Непосредственные результаты «цветных» революций известны: быстрая и бескровная, институционально легитимизированная всеобщими выборами смена состава политической верхушки. Требуется определенное время, чтобы суверенностью судить, в какой мере такие перемены скажутся на стиле и содержании общественно-политической жизни в соответствующих странах, на их демократических институтах и пр. Попытки перехода от «постсоветского тупика» к, условно выражаясь, «европейской» норме через напряжение национальной мобилизации, массовые акции, смену типа лидерства и т. п. не могут быть простыми, неизбежны откаты, сделки, расколы и пр. Поскольку ни в одной из переживших такие перемены стран нет «идеологически» оправданных и институциализированных партий, сохраняет свое значение «массовое» определение лидеров: их хотят видеть в качестве лидеров, от них чего-то ждут и им что-то позволяют. Отсюда и неизбежная проблемная «неустойчивость» самих лидеров, вынужденных постоянно подтверждать свою профпригодность.
Правомерность сравнения и различения массовых акций в Грузии, Украине и России, естественно, определяется наличием некоего «общего знаменателя» ситуации в этих странах. Таковым можно считать ситуацию «постсоветского тупика», характерного для многих стран советского наследия (кроме Балтии), а отчасти и «православного» южного угла бывшей Восточной Европы. Утвердившиеся в этом регионе порядки уместно определять как имитативную демократию, или псевдодемократию, в которой сохраняются авторитарные или административно-бюрократические порядки, стиль личной власти при почти полном отсутствии политического плюрализма, возможностей реального выбора и пр. – и неизбежной тотальной, государственно-организованной коррумпированности власти и общества. В подобной ситуации трудно рассчитывать на какую-либо «плавную» эволюцию сложившейся системы в результате очередных выборов или парламентских голосований и тому подобных «регулярных» процедур, но сохраняется возможность воздействия внесистемных импульсов (массовых, внешних, верхушечных, личностных), которые время от времени возникают. Нечто подобное происходило и в странах классической демократии в периоды ее формирования или кризисов.

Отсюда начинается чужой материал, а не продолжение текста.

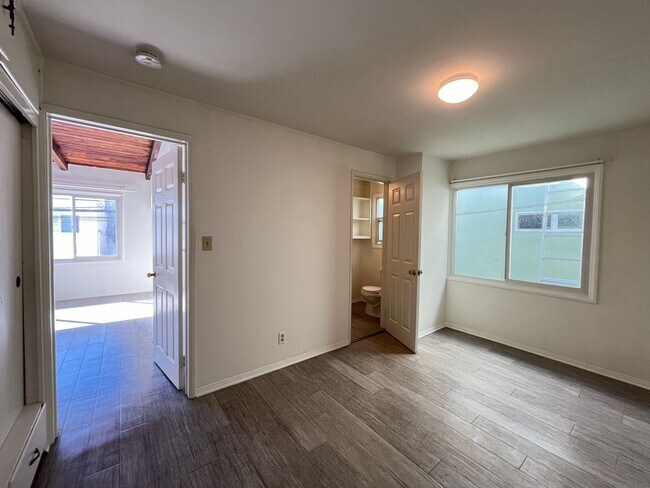 Building Photo - 1424 Ocean Avenue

О прямом влиянии «цветных» революций (особенно украинской) на российскую ситуацию говорить трудно. Массовые настроения в России в конце 2004 года скорее отталкивали от подражания опыту соседей, чем привлекали к нему внимание [63] . Но с уверенностью можно отметить одно важное обстоятельство: масштабы и характер встревоженноcnb, если не паники российских властных и околовластных (советники, «технологи» и т. п.) структур, вызванной развитием украинских событий, прямо повлияли на оценки теми же силами протестных выступлений в России.